(Task requirements): Every line of the listing below from the one with "6580 Torino Lane, Myrtle" up to and including the one with "Gasterij Dennenoord Otel" should be retyped exactly, and nothing else; pictures are not part of the copy.

(Source data):

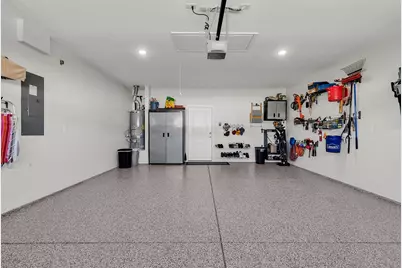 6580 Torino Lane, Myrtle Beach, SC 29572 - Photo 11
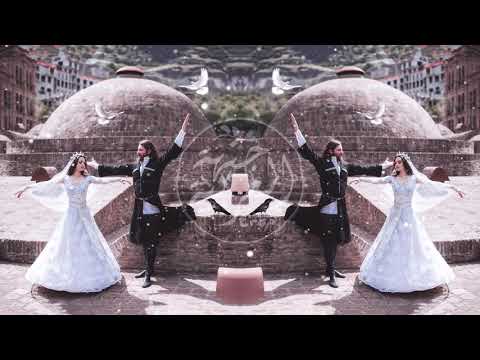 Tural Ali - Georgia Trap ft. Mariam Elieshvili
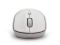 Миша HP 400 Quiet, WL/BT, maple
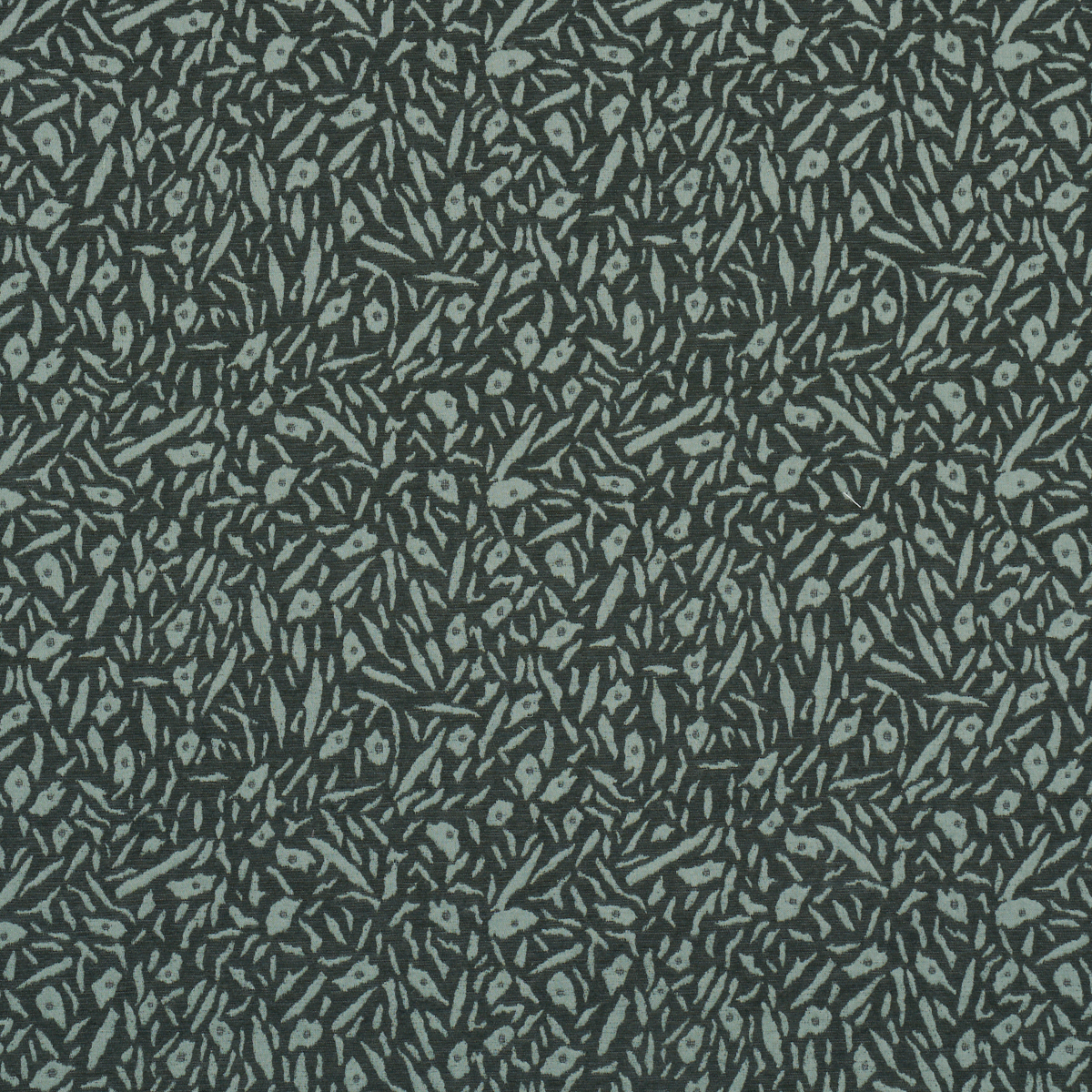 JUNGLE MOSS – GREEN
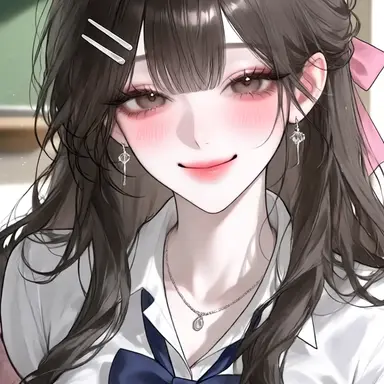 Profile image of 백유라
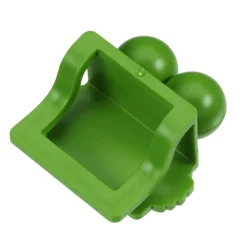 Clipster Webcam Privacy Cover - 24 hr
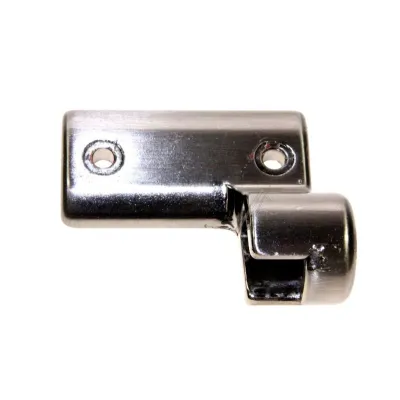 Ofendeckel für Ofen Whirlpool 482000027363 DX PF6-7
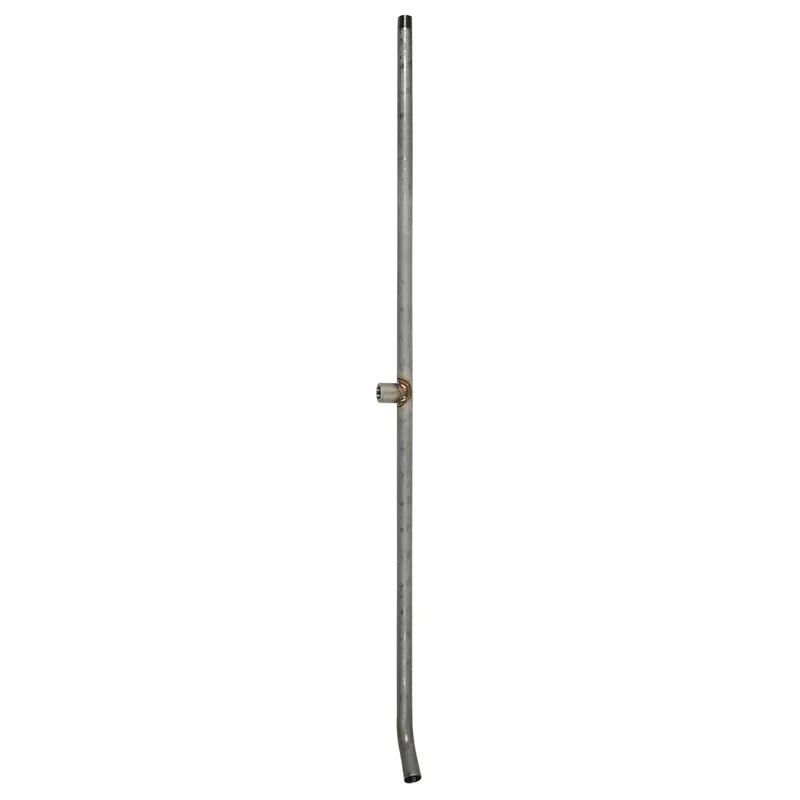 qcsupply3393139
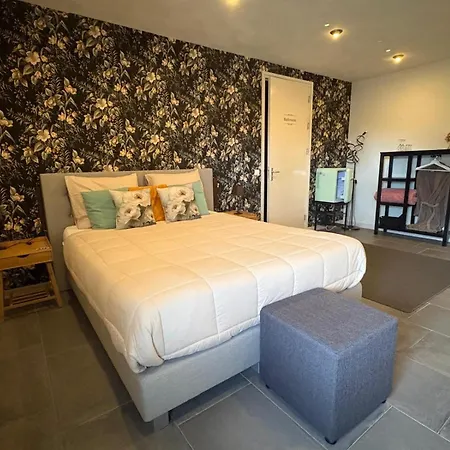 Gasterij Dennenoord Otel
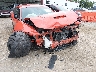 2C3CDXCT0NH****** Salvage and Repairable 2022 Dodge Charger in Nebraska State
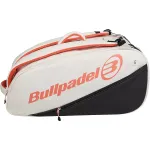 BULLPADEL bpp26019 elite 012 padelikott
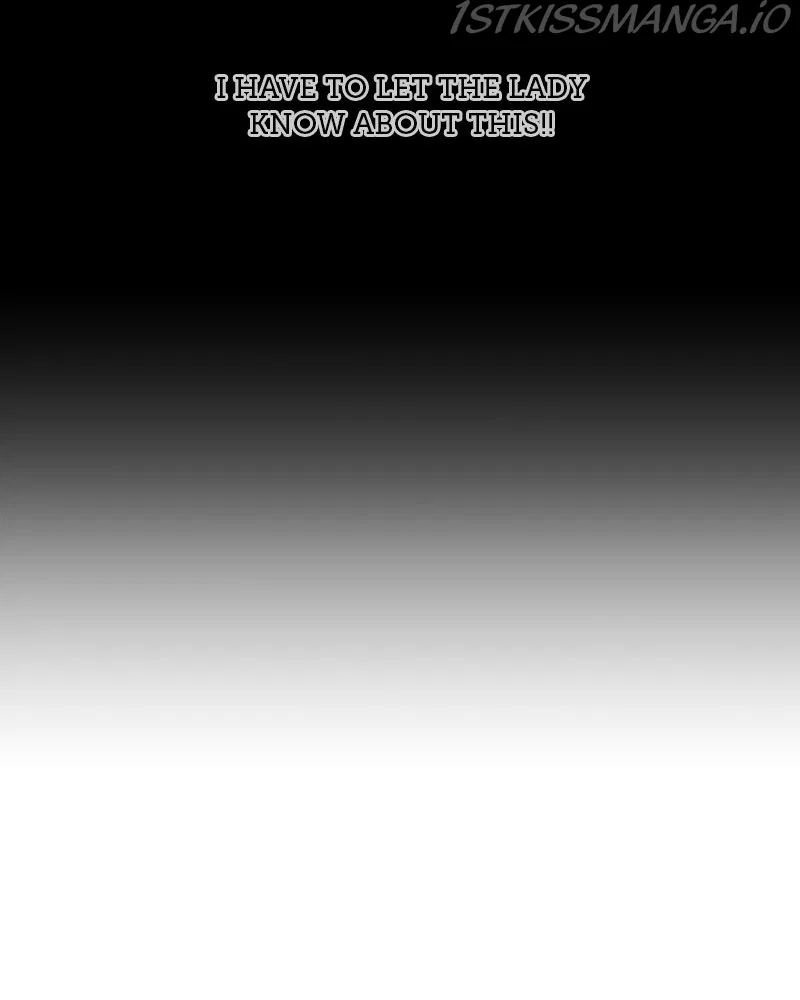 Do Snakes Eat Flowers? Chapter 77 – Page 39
* * *
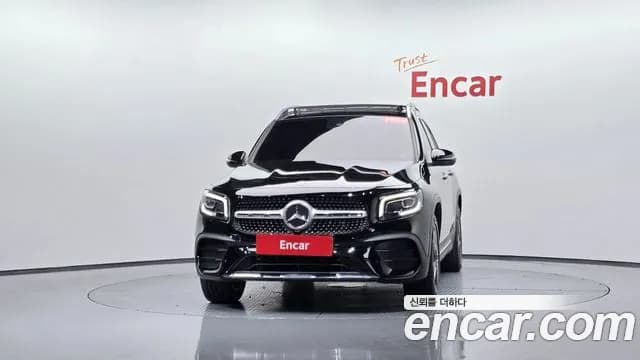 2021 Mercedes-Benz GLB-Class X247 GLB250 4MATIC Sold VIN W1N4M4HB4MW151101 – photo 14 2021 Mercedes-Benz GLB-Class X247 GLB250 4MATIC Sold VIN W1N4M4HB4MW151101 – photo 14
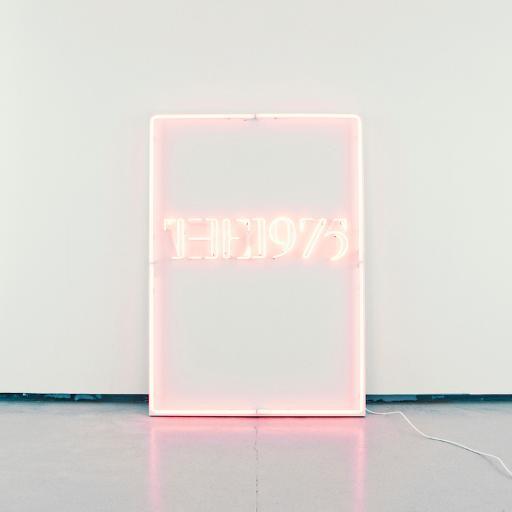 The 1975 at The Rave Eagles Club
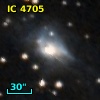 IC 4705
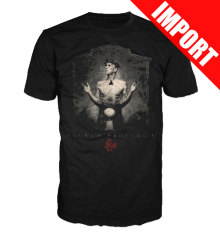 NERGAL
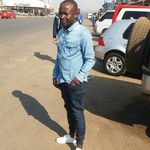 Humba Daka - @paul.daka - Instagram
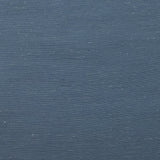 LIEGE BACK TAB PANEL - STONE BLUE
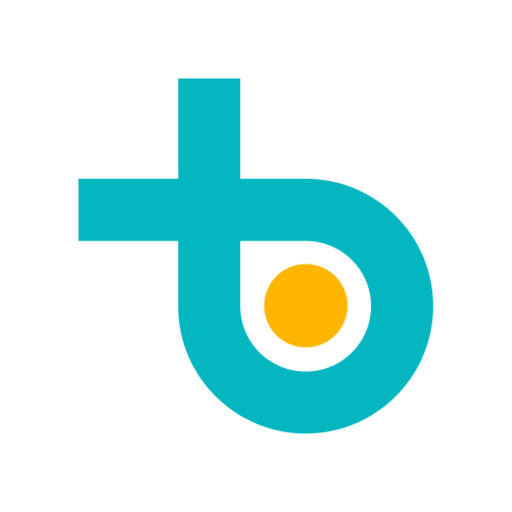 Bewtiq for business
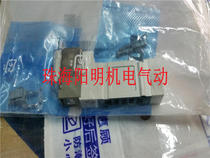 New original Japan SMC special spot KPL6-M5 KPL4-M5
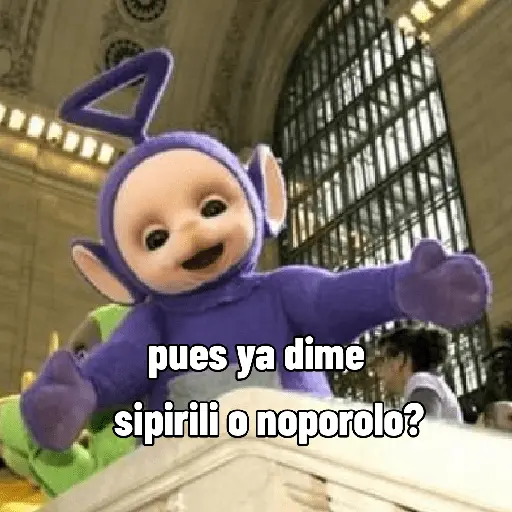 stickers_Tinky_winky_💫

(Exercise answer):
 6580 Torino Lane, Myrtle Beach, SC 29572 - Photo 11
 Tural Ali - Georgia Trap ft. Mariam Elieshvili
 Миша HP 400 Quiet, WL/BT, maple
 JUNGLE MOSS – GREEN
 Profile image of 백유라
 Clipster Webcam Privacy Cover - 24 hr
 Ofendeckel für Ofen Whirlpool 482000027363 DX PF6-7
 qcsupply3393139
 Gasterij Dennenoord Otel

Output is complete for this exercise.